问题
This question is meant to serve as a list of databases and their configurations that the major web sites use and would be a great reference for anyone thinking of scaling their web site to the size of Twitter, Facebook or even Google.
Please keep your answers to a minimum and be sure to cite any sources used.
EDIT:
Also, please bold both the web-site name and the database for easier scanning.
回答1:
Facebook.com
- MySQL with MyRocks. Used to store user info and social activities such as likes, comments, and shares.
- Hive (Data warehouse for Hadoop, supports tables and a variant of SQL called hiveQL). Used for "simple summarization jobs, business intelligence and machine learning and many other applications"
- Cassandra (Multi-dimensional, distributed key-value store). Currently used for Facebook's private messaging.
Currently running 610 (soon to be 1000) Hadoop nodes in a single cluster with Hive datastore.

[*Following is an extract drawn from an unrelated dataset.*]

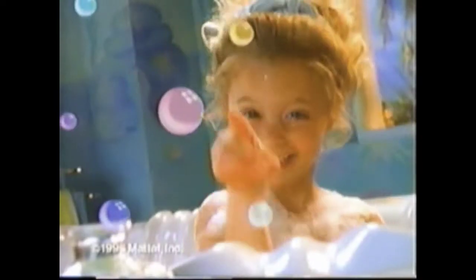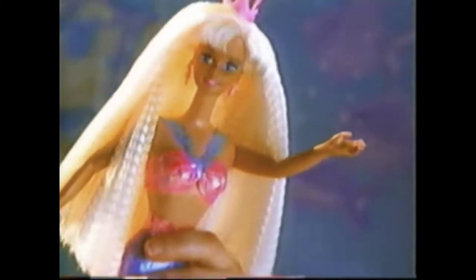Bubble-lubble-lubble-bump-bump-bump, Bubbling Mermaid Barbie, you're bubbly-bubbly-bump-bump-bump, just get then squeeze. Bubbles as far as you can see. Dive in! Surprise!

Both Hive and Cassandra have been open-sourced by Facebook.
Facebook stats:
- More than 200 million active users
- More than 100 million users log on to Facebook at least once each day
- More than 30 million users update their statuses at least once each day
- Average user has 120 friends on the site
Sources:
- http://www.dbms2.com/2009/05/11/facebook-hadoop-and-hive/
- http://www.facebook.com/note.php?note_id=89508453919
- http://www.facebook.com/press/info.php?statistics
- http://hadoop.apache.org/hive/
- http://wiki.apache.org/hadoop/Hive/Design
- http://www.facebook.com/note.php?note_id=24413138919
- https://code.facebook.com/posts/190251048047090/myrocks-a-space-and-write-optimized-mysql-database
回答2:
Stack Overflow - SQL Server.
Jeff Atwood wrote a nice blog post on this
https://blog.stackoverflow.com/2008/09/what-was-stack-overflow-built-with/
回答3:
LinkedIn.com
- Oracle (Relational Database)
- MySQL (Relational Database)
Databases replicated on multiple servers for high availability. Each specific Service uses its own domain-specific DB.
LinkedIn stats:
- 22 million members
- 4+ million unique visitors/month
- 40 million page views/day
- 2 million searches/day
Sources:
- http://hurvitz.org/blog/2008/06/linkedin-architecture/
回答4:
Flickr uses MySQL.
YouTube uses MySQL but they are moving to Google's BigTable.
Myspace uses SQL Server.
Wikipedia uses MySQL.
回答5:
Microsoft.com
- SQL Server (no surprise there)
Microsoft.com stats:
- 250 million unique visits/month.
- 70 million page views/day.
- 15,000 connections/second.
- Maintains an average of 35,000 concurrent connections to a total of 80 Web servers.
Sources:
- http://technet.microsoft.com/en-us/mscomops/default.aspx
回答6:
Yahoo.com
- PostgreSQL (modified) - A client can connect to any of the nodes in the cluster (or a policy restricted subset). A query flows from the client to the server it chose to connect with. The SQL compiler on that node compiles and optimizes the query on that single node (no parallelism).
Yahoo.com stats:
- 24 billion events a day
- 2-petabyte, claims largest database (Mar 2008)
Source:
- http://perspectives.mvdirona.com/2008/05/23/PetascaleSQLDBAtYahoo.aspx
- http://www.computerworld.com/s/article/9087918/Size_matters_Yahoo_claims_2_petabyte_database_is_world_s_biggest_busiest
回答7:
Twitter.com
- MySQL (Relational Database).
- Cassandra (Multi-dimensional, distributed key-value store). Twitter is just "beginning to use Cassandra at Twitter" (see second source).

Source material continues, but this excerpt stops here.